Re: Should I install 4.x or 5.x? Book recommendations?

2015-10-23 Thread Robert Hume
Hi Alex,

What's the title of your book?  An amazon link would be useful too.

Thanks!
Rob

On Fri, Oct 23, 2015 at 2:50 PM, Alexandre Rafalovitch 
wrote:

> Definitely 5.x. Lots of new goodies. It is true that some of the
> startup scripts are different and the example schemas could be
> slightly confusing if following a book, but I think it is well worth
> starting on a good foot. Just remember, no "collection1" anymore, all
> cores/collections are explicit. And there are tutorial and reference
> guide available to help you along.
>
> And "Solr in Action" is a great book to purchase. Though, I'd
> recommend an electronic copy unless you want an exercise regime as
> well :-)
>
> I would say grab my book as well if you just want step by step
> introduction, but frankly it is definitely out of date (Solr 4.3!) and
> publisher pushed the price up into the ridiculous territory last time
> I checked. So, don't buy it. But if you have O'Reilly Safari account
> of some other ways to get to it, give it a glance too.
>
> Regards,
>Alex.
> 
> Solr Analyzers, Tokenizers, Filters, URPs and even a newsletter:
> http://www.solr-start.com/
>
>
> On 23 October 2015 at 14:22, Robert Hume  wrote:
> > Hi,
> >
> > I'm investigating installing a new Solr deployment to be able to search
> > about two million documents (mostly HTML and PDF).
> >
> > QUESTIONS:
> >
> > A. Should I use Solr 4.x or 5.x?  My concerns are mostly to do with
> > support.  Is 5.x too new to be able to get good answers and advice from
> the
> > community?  Or should I stick with the latest 4.x release?
> >
> > B. Anyone have a good book recommendation?  I was thinking of buying
> "Solr
> > In Action" but it looks like it was published in April 2014 so it won't
> > have any 5.x info in it?
> >
> > Thanks!
> > Rob
>


Should I install 4.x or 5.x? Book recommendations?

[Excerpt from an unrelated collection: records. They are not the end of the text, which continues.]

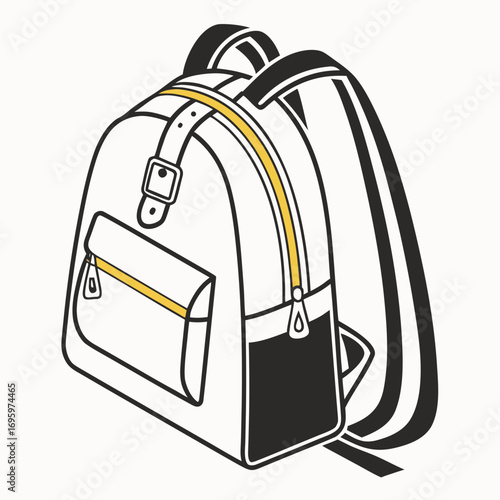 Illustration of a backpack, representing travel, school, hiking, and everyday carry, with a modern and stylish design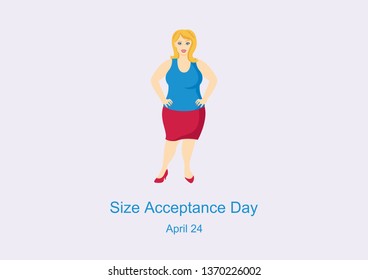 Size Acceptance Day vector. International No Diet Day. Curvy woman vector. Cheerful fat woman illustration. Happy plus size fashion model in a red skirt vector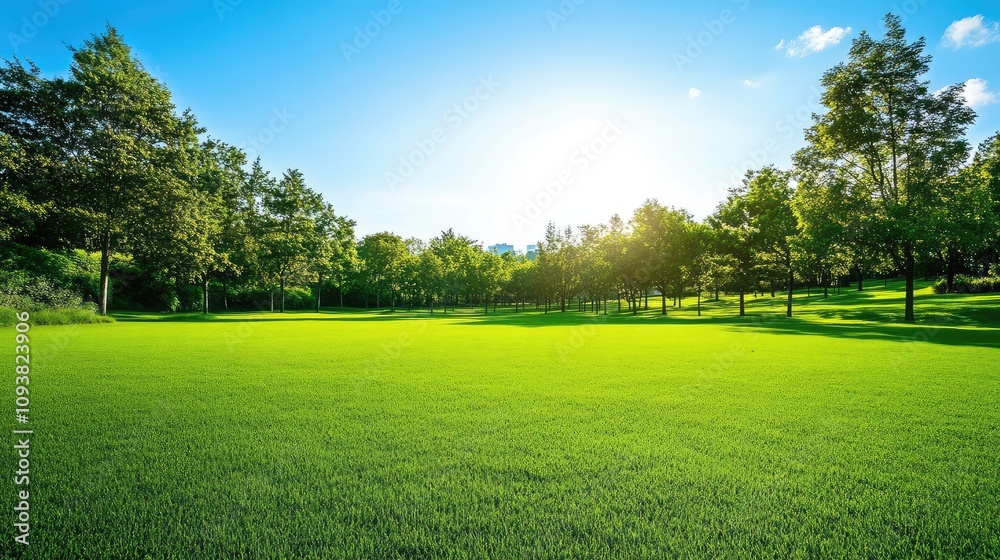 Lush Green Landscape with Bright Sunlight and Clear Sky Showcasing Nature's Beauty in a Serene Park Setting Lush Green Landscape with Bright Sunlight and Clear Sky Showcasing Nature's Beauty in a Serene Park Setting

2015-10-23 Thread Robert Hume
Hi,

I'm investigating installing a new Solr deployment to be able to search
about two million documents (mostly HTML and PDF).

QUESTIONS:

A. Should I use Solr 4.x or 5.x?  My concerns are mostly to do with
support.  Is 5.x too new to be able to get good answers and advice from the
community?  Or should I stick with the latest 4.x release?

B. Anyone have a good book recommendation?  I was thinking of buying "Solr
In Action" but it looks like it was published in April 2014 so it won't
have any 5.x info in it?

Thanks!
Rob


[newbie] questions about 3.6.0 and 4.x or 5.x ?

2015-10-21 Thread Robert Hume
Hello, I'm hoping to get some quick advice from the Solr gurus out there ...



I’ve inherited a project that uses a Solr 3.6.0 deployment.   (Several
masters and several slaves – I think there are 6 Solr instances in total.)



I’ve been tasked with investigating if upgrading our 3.6.0 deployment will
improve performance – there’s a lot of data and things are getting slow,
apparently.



I’ve read Apache docs that from 3.6.x to 4.x there were improvements in
scalability and performance.



I see that from 4.x to 5.x that Solr is now a standable server and no
longer just a WAR running on Tomcat.





QUESTIONS:


A. Is it worth upgrading to 4.x or 5.x?  Will I see a big improvement in
performance?



B. Should I got to 4.x or 5.x?  Will 4.x be an easier upgrade path since
it's just a new WAR file?



C. In a nutshell ... what will the upgrade path look like, what kind of
steps am I in for, and how can I avoid trouble?




Any help is GREATLY appreciated!!


Rob